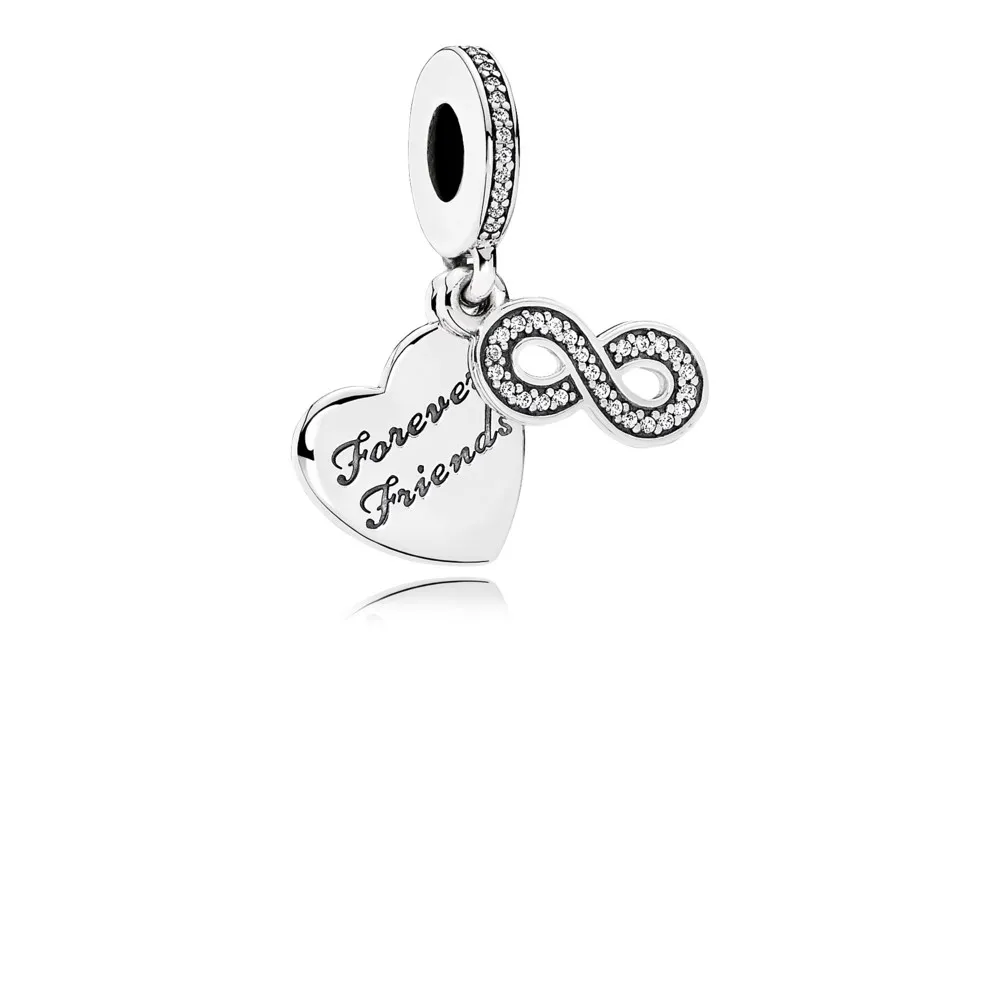 moderne lovepod pandora rose anheng med klare cubic zirconia 791948cz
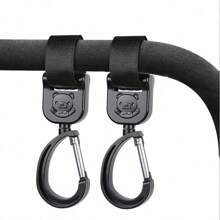 1pc/2pcs Magic Sticker Baby Stroller Multi-Purpose Hooks, Infant Carriage Accessories - Multicolor - View 3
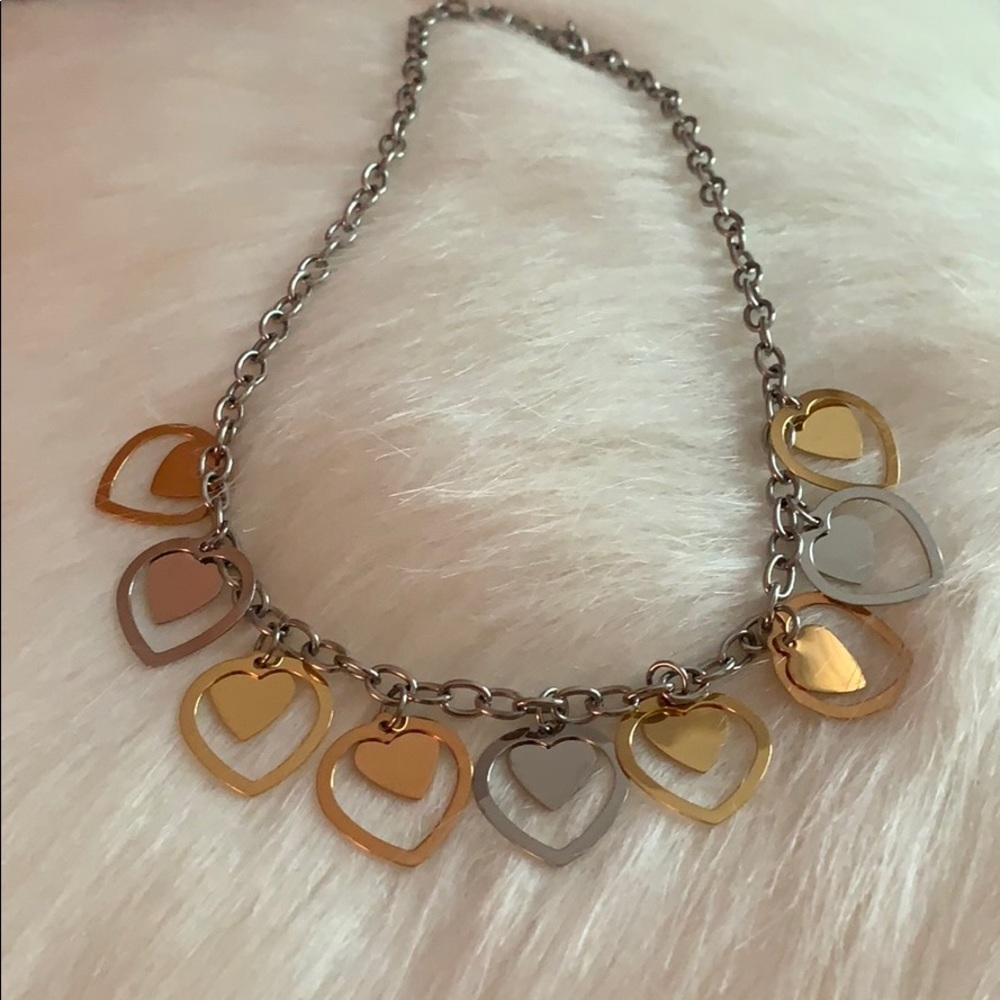 EUC Milor Jewelry 18" Heart Necklace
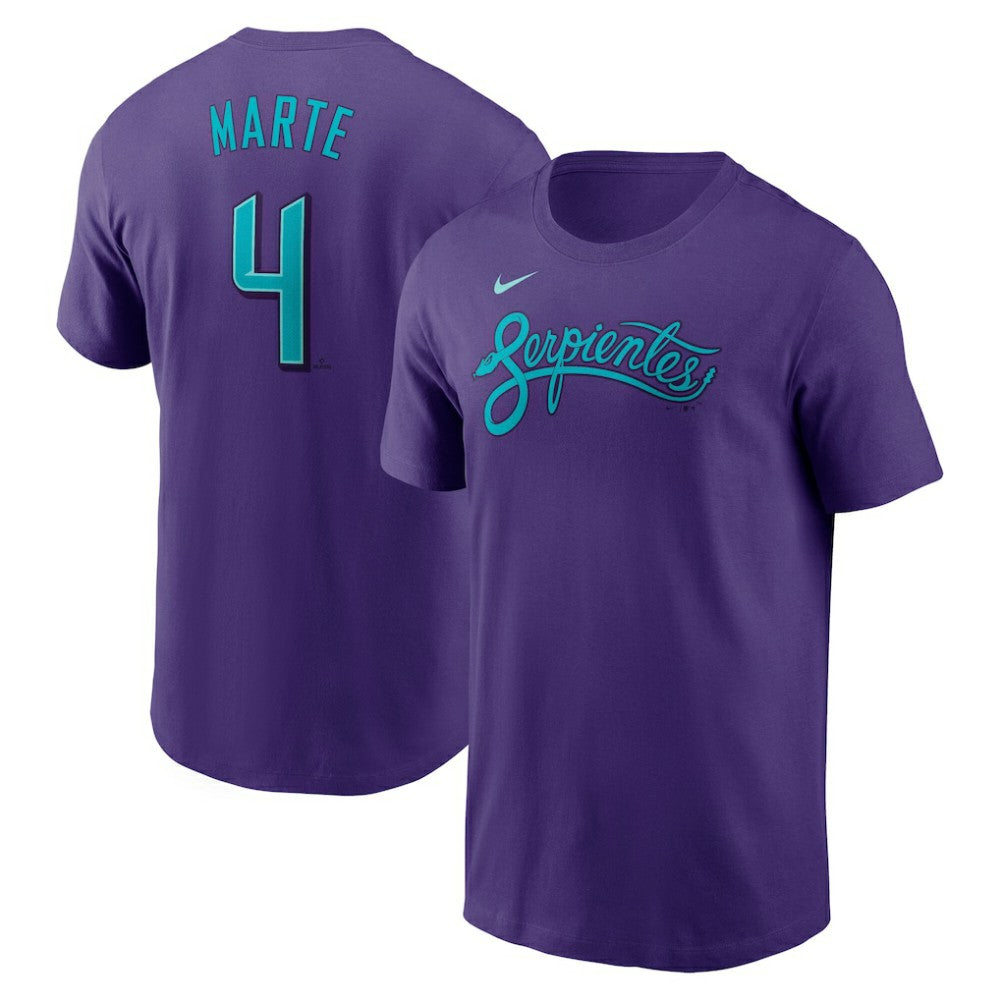 Ketel Marte Arizona Diamondbacks Nike 2025 City Connect Fuse Name & Number T-Shirt Discount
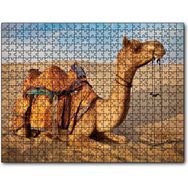 Cakapuzzle Çöl Kumlarına Çökmüş Deve Mdf 500 Parça Puzzle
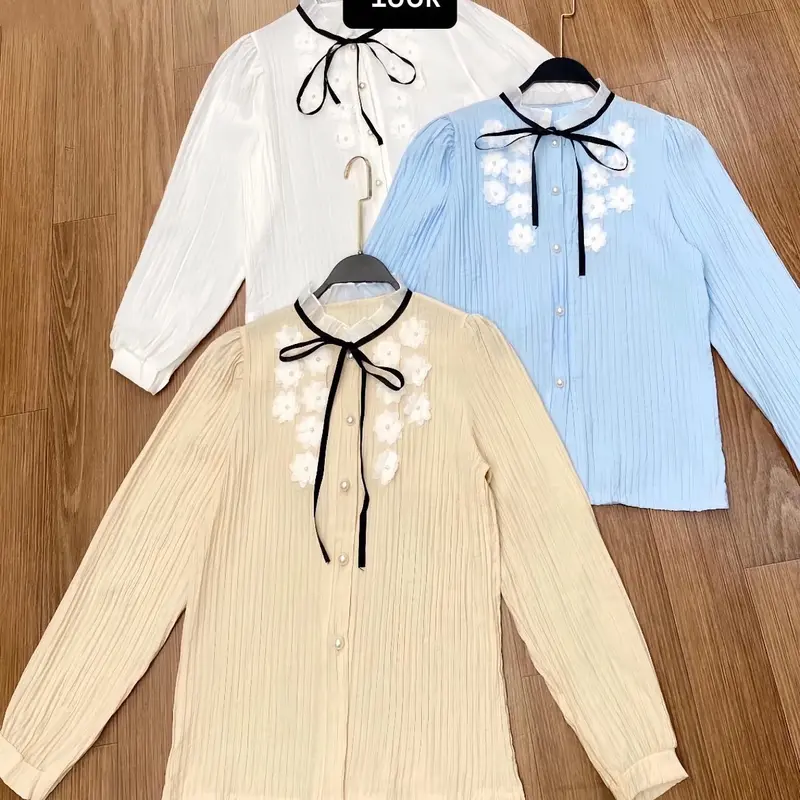 Blouse atasan wanita lengan panjang lebaran fashion wanita terbaru Casual Formal 1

__Work request__:
When repeating the entries, leave out every picture and keep the rest exact.

__Written response__:
 moderne lovepod pandora rose anheng med klare cubic zirconia 791948cz
 1pc/2pcs Magic Sticker Baby Stroller Multi-Purpose Hooks, Infant Carriage Accessories - Multicolor - View 3
 EUC Milor Jewelry 18" Heart Necklace
 Ketel Marte Arizona Diamondbacks Nike 2025 City Connect Fuse Name & Number T-Shirt Discount
 Cakapuzzle Çöl Kumlarına Çökmüş Deve Mdf 500 Parça Puzzle
 Blouse atasan wanita lengan panjang lebaran fashion wanita terbaru Casual Formal 1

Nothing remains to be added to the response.